(DATASET EXCERPTS begins)

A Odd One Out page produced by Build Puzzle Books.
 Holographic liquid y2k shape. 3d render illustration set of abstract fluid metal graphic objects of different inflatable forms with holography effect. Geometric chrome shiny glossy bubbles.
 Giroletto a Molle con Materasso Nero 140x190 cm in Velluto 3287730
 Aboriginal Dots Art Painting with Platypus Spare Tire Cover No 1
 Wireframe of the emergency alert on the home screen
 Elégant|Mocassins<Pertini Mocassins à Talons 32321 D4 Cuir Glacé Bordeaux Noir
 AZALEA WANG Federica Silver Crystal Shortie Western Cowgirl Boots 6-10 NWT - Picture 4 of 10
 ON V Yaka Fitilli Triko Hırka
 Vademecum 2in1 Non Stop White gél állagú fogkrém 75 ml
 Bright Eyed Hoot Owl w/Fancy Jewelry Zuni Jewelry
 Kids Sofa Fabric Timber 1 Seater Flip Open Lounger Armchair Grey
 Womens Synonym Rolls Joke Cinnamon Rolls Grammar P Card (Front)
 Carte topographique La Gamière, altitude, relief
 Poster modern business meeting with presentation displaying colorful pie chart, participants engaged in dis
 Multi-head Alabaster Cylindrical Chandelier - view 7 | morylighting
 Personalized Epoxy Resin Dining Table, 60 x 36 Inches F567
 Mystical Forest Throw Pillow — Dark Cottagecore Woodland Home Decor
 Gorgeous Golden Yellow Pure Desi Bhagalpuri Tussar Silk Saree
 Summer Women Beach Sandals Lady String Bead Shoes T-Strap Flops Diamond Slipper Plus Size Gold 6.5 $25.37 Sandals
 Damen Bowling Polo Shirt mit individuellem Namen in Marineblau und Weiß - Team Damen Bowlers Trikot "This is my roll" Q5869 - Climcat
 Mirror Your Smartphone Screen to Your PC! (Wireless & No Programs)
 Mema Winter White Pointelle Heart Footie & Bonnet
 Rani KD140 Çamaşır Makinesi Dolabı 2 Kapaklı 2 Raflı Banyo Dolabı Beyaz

(DATASET EXCERPTS ends)

PROBLEM DETAILS: From the data above, copy each line that has the string "White".

TASK RESULT:
 Vademecum 2in1 Non Stop White gél állagú fogkrém 75 ml
 Mema Winter White Pointelle Heart Footie & Bonnet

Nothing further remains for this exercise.